I have a long vector x, and another v, which contains lengths. I would like to sum x so that the answer y is a vector of length length(v), and y[1] is sum(x[1:v[i]]), y[2] is sum(x[(1+v[1]):(v[1]+v[2])]), and so on. Essentially this is performing sparse matrix multiplication from a space of dimension length(x) to one of dimension length(v). However, I would prefer not to bring in "advanced machinery", although I might have to. It does need to be very, very fast.
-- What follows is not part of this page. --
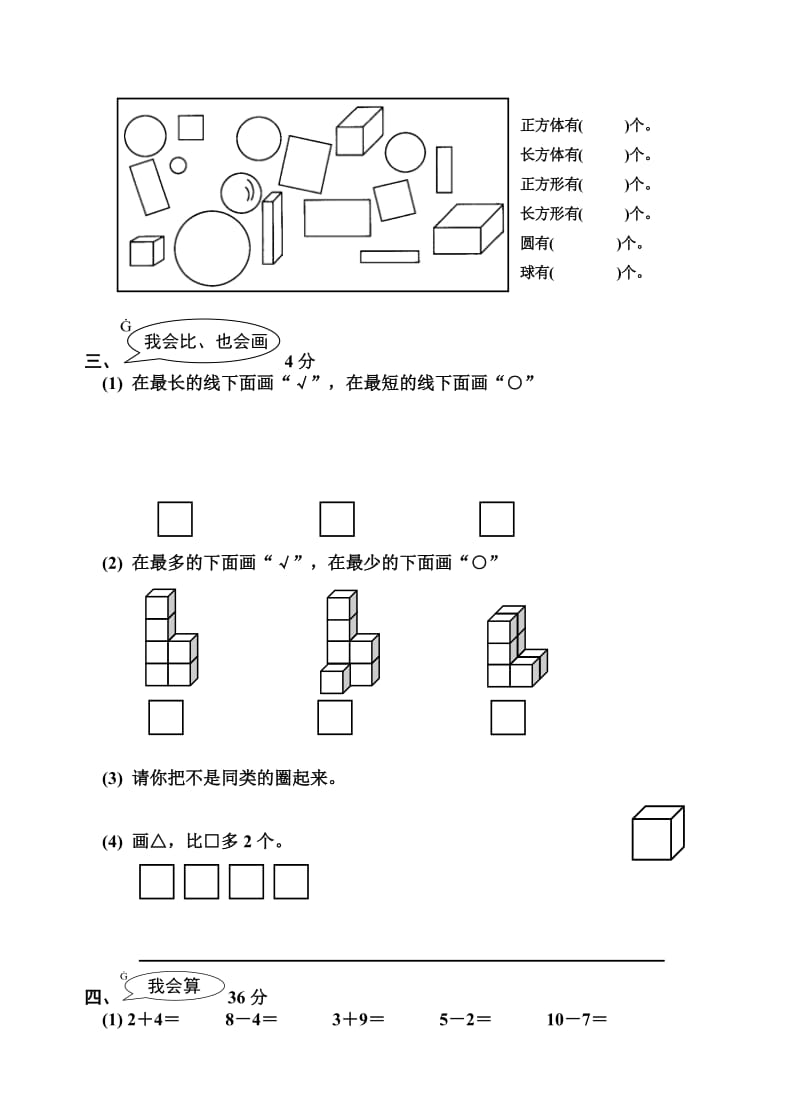 2019-2020年一年级数学上册综合练习题.doc_第2页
Can anyone think of anything simpler than using a sparse matrix package?

Example -

x <- c(1,1,3,4,5)
v <- c(2,3)
y <- myFunc(x,v)

y should be c(2,12)

I am open to any pre-processing - e.g, storing in v the starting indexes of each stretch.

Answer 1

  y <- cumsum(x)[cumsum(v)]
  y <- c(y[1], diff(y))

This looks like it's doing extra work because it's computing the cumsum for the whole vector, but it's actually faster than the other solutions so far, for both small and large numbers of groups.

Here's how I simulated the data

set.seed(5)
N <- 1e6
n <- 10
x <- round(runif(N,0,100),1)
v <- as.vector(table(sample(n, N, replace=TRUE)))

On my machine the timings with n <- 10 are:

• Brandon Bertelsen (for loop): 0.017
• Ramnath (rowsum): 0.057
• John (split/apply): 0.280
• Aaron (cumsum): 0.008

changing to n <- 1e5 the timings are:

• Brandon Bertelsen (for loop): 2.181
• Ramnath (rowsum): 0.226
• John (split/apply): 0.852
• Aaron (cumsum): 0.015

I suspect this is faster than doing matrix multiplication, even with a sparse matrix package, because one doesn't have to form the matrix or do any multiplication. If more speed is needed, I suspect it could be sped up by writing it in C; not hard to do with the inline and rcpp packages, but I'll leave that to you.

Answer 2

You can do this using rowsum. It should be reasonably fast as it uses C code in the background.

y <- rowsum(x, rep(1:length(v), v))